## The problem
Set down exactly, from the records below, the line with "مجموعة Givenchy لخريف" through the line with "nasir ol molk", and nothing else.
___ Exercise material ___
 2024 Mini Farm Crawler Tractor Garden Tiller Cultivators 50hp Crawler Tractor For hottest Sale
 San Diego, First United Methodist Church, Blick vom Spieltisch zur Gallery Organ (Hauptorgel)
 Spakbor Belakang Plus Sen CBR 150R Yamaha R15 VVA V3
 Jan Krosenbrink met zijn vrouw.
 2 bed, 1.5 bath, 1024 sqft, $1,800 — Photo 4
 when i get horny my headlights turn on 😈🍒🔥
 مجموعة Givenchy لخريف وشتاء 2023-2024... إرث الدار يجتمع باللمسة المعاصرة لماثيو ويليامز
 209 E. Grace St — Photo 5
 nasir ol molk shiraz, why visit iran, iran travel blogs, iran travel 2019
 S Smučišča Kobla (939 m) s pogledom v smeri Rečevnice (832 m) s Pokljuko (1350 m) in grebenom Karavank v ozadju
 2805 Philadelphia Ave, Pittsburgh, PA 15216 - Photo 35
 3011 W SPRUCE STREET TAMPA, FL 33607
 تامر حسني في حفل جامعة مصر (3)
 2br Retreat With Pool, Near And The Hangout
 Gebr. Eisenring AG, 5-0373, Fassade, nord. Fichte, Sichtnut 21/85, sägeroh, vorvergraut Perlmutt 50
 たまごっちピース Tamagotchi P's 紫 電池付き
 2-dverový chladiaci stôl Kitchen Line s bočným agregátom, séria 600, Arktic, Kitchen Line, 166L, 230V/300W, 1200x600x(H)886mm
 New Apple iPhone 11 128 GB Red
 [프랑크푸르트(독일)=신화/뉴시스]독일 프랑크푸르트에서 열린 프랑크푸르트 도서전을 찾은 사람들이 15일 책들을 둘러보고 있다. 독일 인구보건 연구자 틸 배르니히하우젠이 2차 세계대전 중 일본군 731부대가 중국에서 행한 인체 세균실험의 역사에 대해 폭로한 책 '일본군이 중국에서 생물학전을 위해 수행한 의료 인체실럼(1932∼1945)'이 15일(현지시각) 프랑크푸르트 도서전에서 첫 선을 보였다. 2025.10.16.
___
## Solution to this problem
 مجموعة Givenchy لخريف وشتاء 2023-2024... إرث الدار يجتمع باللمسة المعاصرة لماثيو ويليامز
 209 E. Grace St — Photo 5
 nasir ol molk shiraz, why visit iran, iran travel blogs, iran travel 2019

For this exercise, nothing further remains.